Funding would be crucial for such large cohort studies. For this purpose,  efforts will be made to inquire policies to obtain further international sources. 

TREAT-NMD workshop on Spinal Muscular Atrophy- outcome measures, databases and standards of care. Naarden 12-13th May 2007

A TREAT-NMD meeting on spinal muscular atrophy (SMA) was held to coincide with a European Neuromuscular Centre workshop on SMA which had assembled representatives of many of the European centres caring for patients with spinal muscular atrophy for discussion of possible clinical trials. Several members of the ICC group for SMA attended from the USA, and we are delighted that this collaboration is extremely fruitful. The discussion was also broadened to have a discussion on outcome measures in Duchenne muscular dystrophy as so many of the areas of interest overlap between ambulant SMA and DMD.
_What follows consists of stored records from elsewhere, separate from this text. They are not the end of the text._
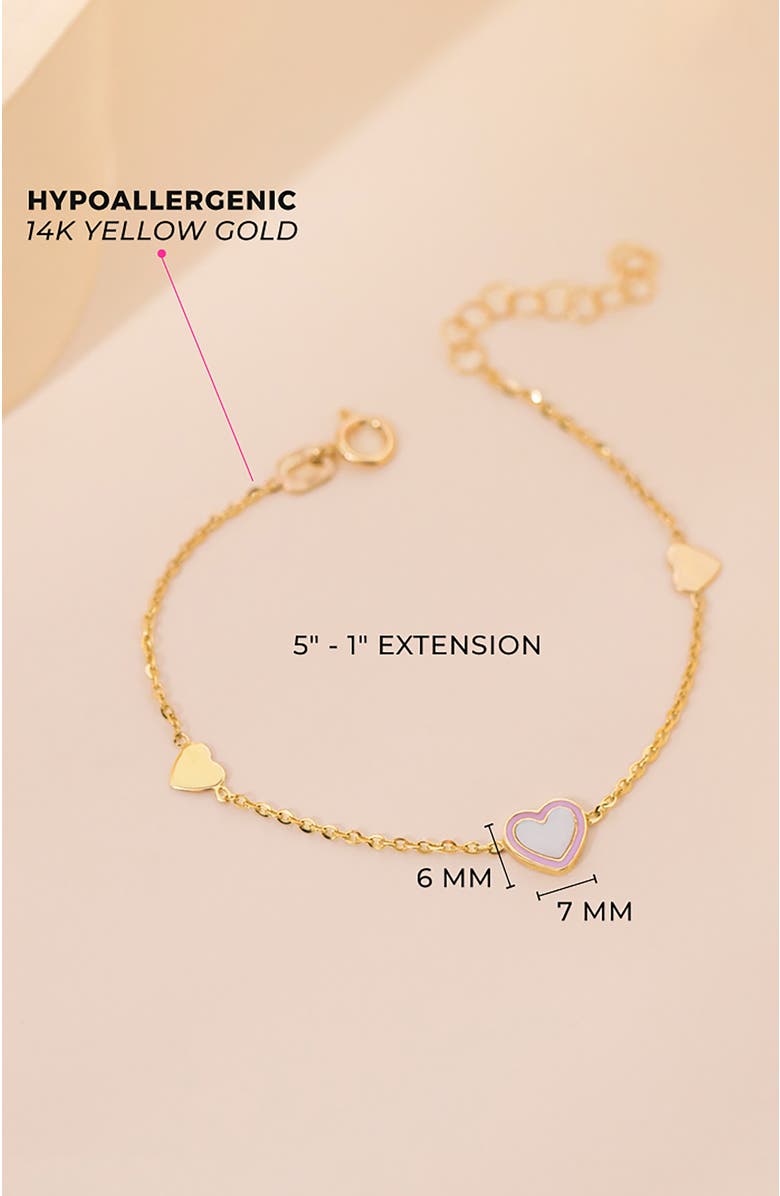 In Season Jewelry 14k Mother of Pearl Heart Bracelet, Alternate, color, Pink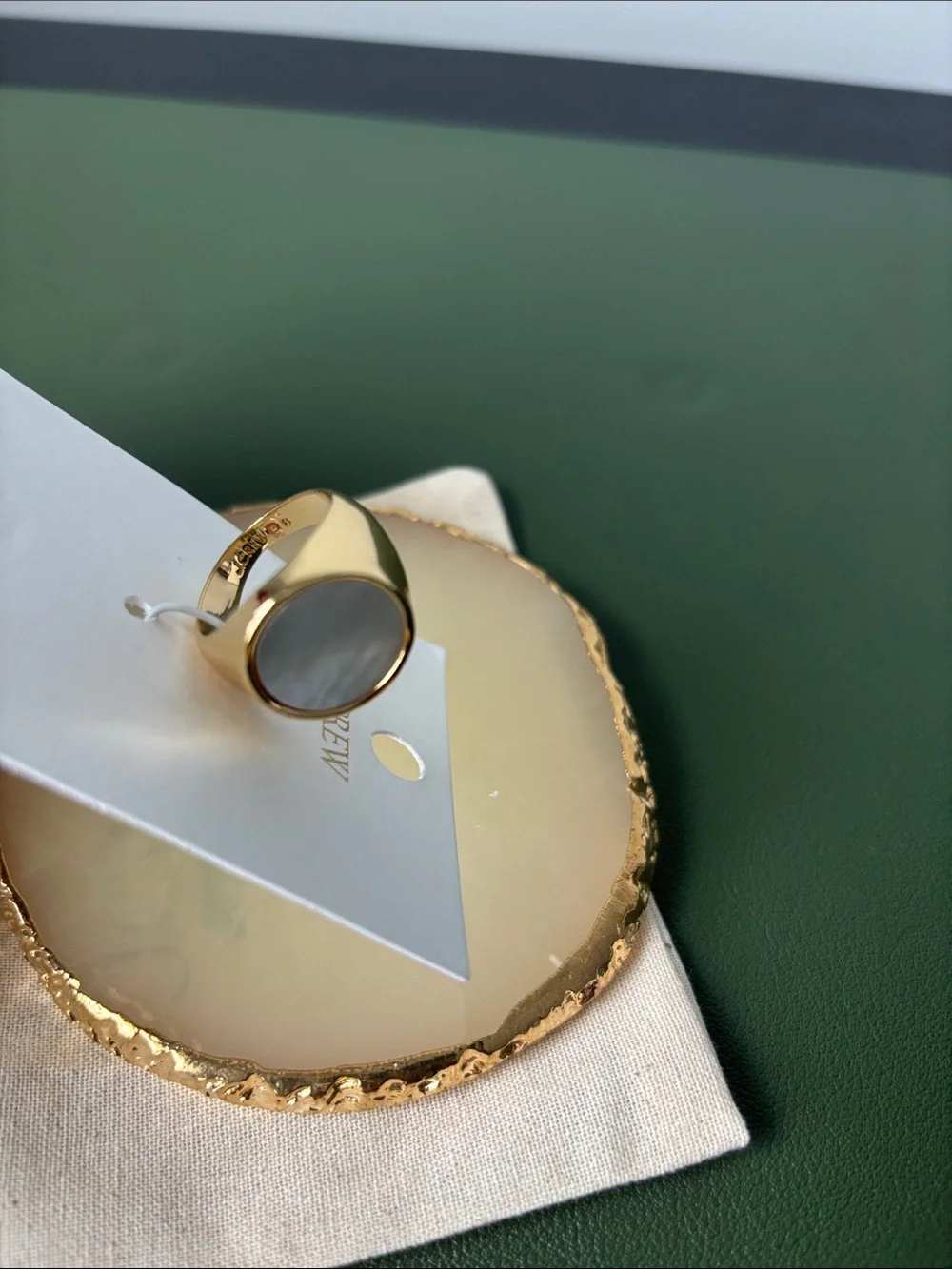 J. Crew Gold Mother-of-Pearl Ring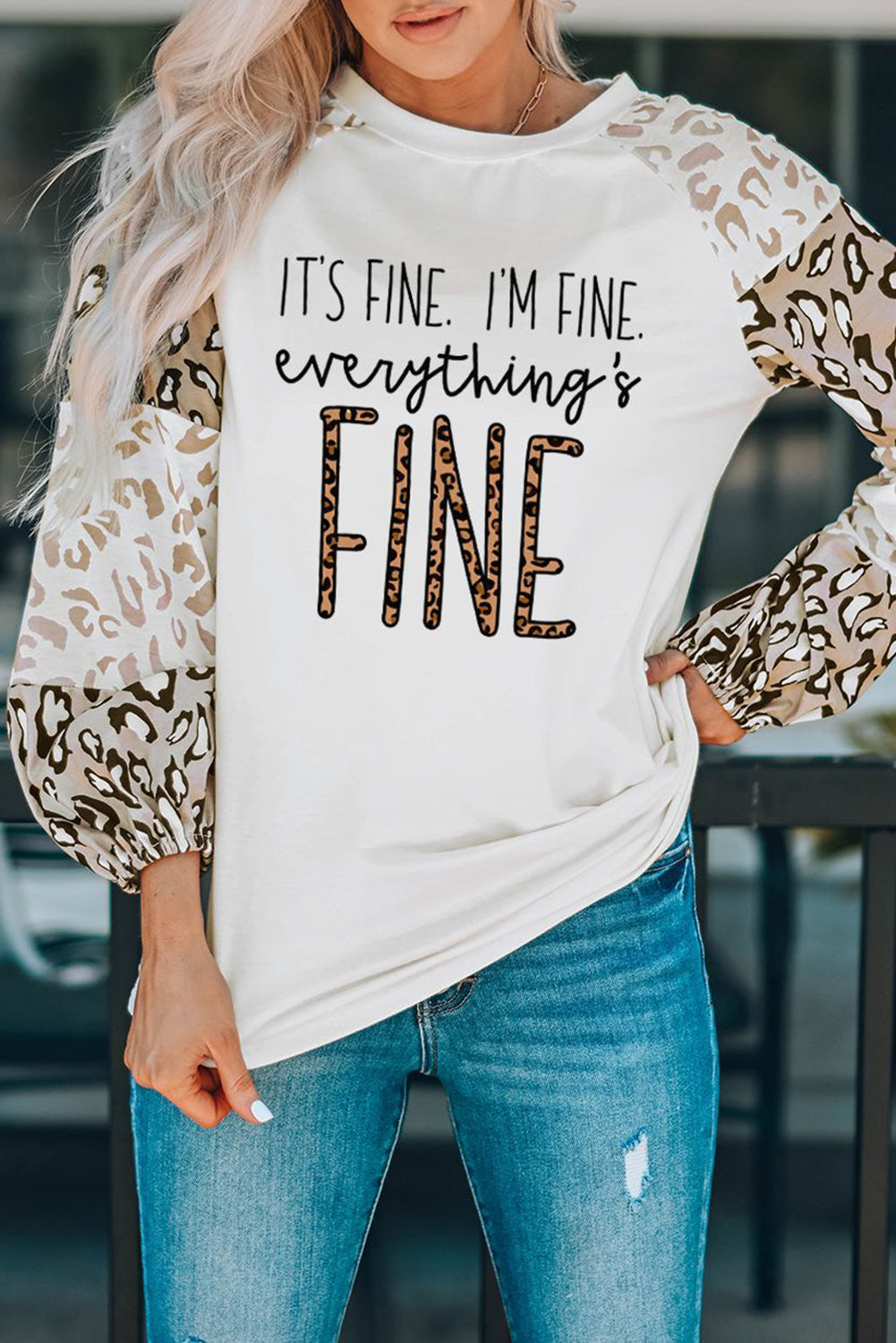Beige Leopard Print Bubble Sleeve Top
1. Outcome measures for SMA type 1, 2 and 3 and DMD.

Work in the last couple of years has led to the development of several scales for functional assessment. Various scales are available for use now in different trial scenarios and the choice of outcome measures will depend on factors such as the length of a planned trial and the level of disability of the participants. There is also scope for further development of outcome measures, particularly when considering the current emphasis of the regulatory agencies on outcomes which are perceived to be “life altering”.

Natural history studies are helping to inform the development of prognostic indicators especially in SMA 1. The definition of these areas will be crucial for the execution of successful clinical trials. Three studies have collected data on survival of SMA 1, but there may be scope to develop a further prospective dataset based on the newly adopted standards of care.
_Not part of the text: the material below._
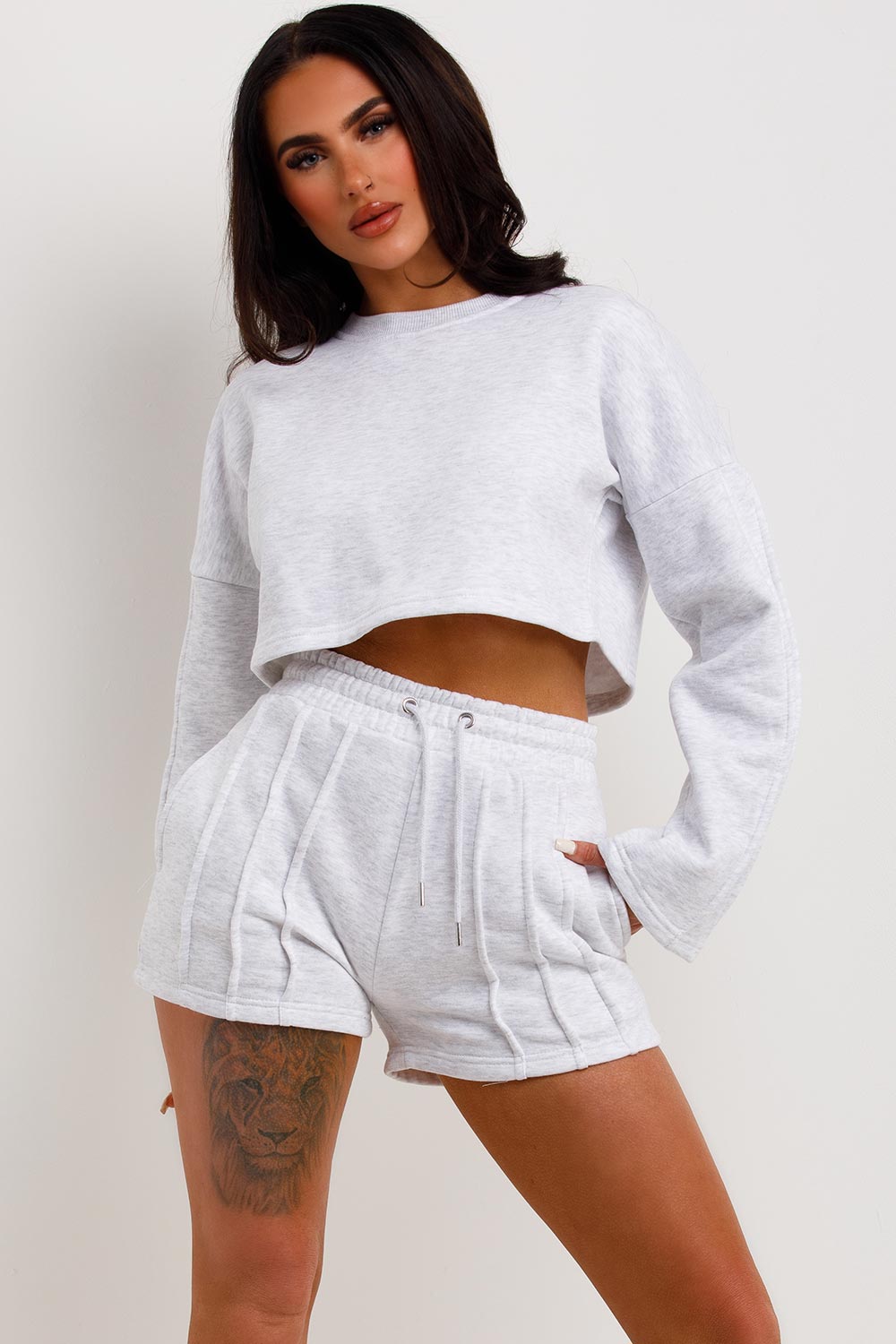 short tracksuit womens summer loungewear set shorts and crop sweatshirt set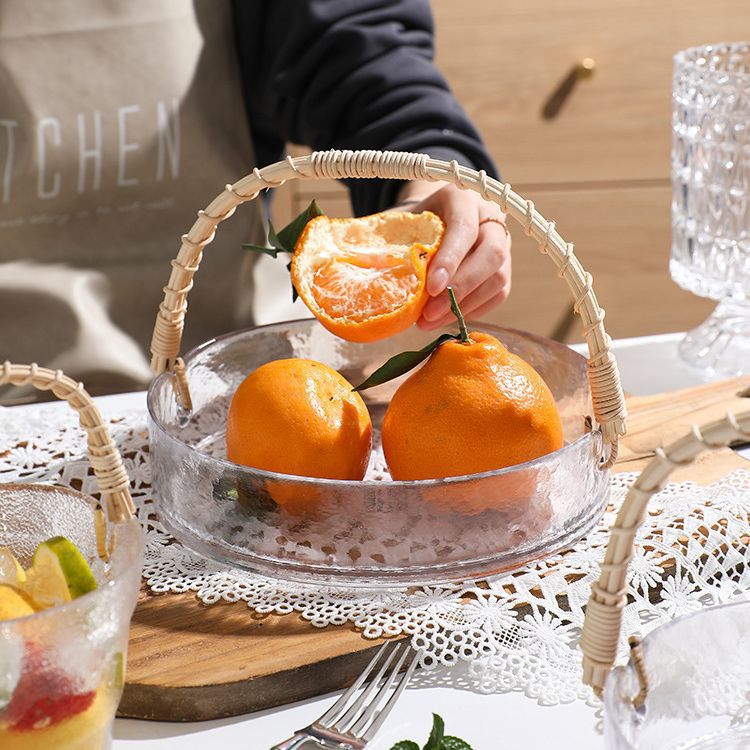 Wicker hand-held basket, Internet celebrity, high appearance level, fruit plate, living room glass storage, snack plate, ice bucket, high-end fruit basket full figure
TREAT-NMD will be working in several areas to evaluate, improve and train centres in use of specific outcome measures:

1. Development of registry and systematic reviews of outcome measures (for further information contact Michael Rose at King’s College Hospital, Denmark Hill, London SE5 9RS, UNITED KINGDOM. Telephone number  (44) 020 3299 8352, faxnumber (44) 020 3299 8341, email address  m.r.rose@kcl.ac.uk.

2. Evaluation of myometry in extended range of muscle groups in SMA (discussion forum to be set up and moderated by Marion Main- interested parties to contact Marion at Hammersmith Hospital, Du Cane Road, London W12 OHS, United Kingdom, telephone number 00 44 2083834734, faxnumber 00 44 20 83831555 email addressmmain@hhnt.nhs.uk .

3. The assessment of activity monitoring as an outcome measure in SMA (discussion forum to be set up and moderated by Sonia Messina- interested parties to contact Sonia at Policlinico Universitario of Messina, Via C. Valeria, 98125, 98125 – Messina , Italy. Telephone 0039|3477052202 email address messinasonia@libero.it.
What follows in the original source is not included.